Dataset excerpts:
···
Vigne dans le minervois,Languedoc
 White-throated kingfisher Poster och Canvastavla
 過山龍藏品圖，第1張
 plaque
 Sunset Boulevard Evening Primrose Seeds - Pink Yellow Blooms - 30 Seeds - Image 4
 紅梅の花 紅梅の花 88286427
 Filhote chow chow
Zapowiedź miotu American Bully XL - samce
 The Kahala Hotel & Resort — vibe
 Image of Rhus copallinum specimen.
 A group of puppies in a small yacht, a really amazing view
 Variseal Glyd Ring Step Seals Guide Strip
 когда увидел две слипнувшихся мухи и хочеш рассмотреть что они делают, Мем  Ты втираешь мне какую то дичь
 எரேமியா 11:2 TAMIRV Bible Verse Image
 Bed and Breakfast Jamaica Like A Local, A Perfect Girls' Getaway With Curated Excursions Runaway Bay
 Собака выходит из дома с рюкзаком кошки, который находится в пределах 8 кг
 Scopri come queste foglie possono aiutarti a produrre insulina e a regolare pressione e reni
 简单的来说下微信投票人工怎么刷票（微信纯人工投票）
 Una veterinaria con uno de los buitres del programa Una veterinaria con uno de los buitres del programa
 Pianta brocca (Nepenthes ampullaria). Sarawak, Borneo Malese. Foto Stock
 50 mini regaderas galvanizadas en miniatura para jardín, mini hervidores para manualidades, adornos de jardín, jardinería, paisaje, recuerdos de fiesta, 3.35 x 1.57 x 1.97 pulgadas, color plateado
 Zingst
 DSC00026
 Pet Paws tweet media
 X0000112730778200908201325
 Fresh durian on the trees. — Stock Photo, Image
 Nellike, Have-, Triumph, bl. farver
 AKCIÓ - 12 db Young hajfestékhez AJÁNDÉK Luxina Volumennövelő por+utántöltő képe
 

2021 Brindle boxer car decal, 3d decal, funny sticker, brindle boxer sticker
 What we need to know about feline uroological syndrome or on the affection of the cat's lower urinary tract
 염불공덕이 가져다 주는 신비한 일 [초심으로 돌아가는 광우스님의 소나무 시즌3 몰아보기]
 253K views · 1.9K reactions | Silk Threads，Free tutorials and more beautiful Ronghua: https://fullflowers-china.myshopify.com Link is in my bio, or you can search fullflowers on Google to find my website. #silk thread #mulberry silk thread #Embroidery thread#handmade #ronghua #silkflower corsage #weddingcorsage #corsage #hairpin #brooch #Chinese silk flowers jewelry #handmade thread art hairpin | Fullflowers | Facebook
···
— Try it —
Check each line above for the string "Image" and report how many lines have it, giving only the number.

— Reply —
4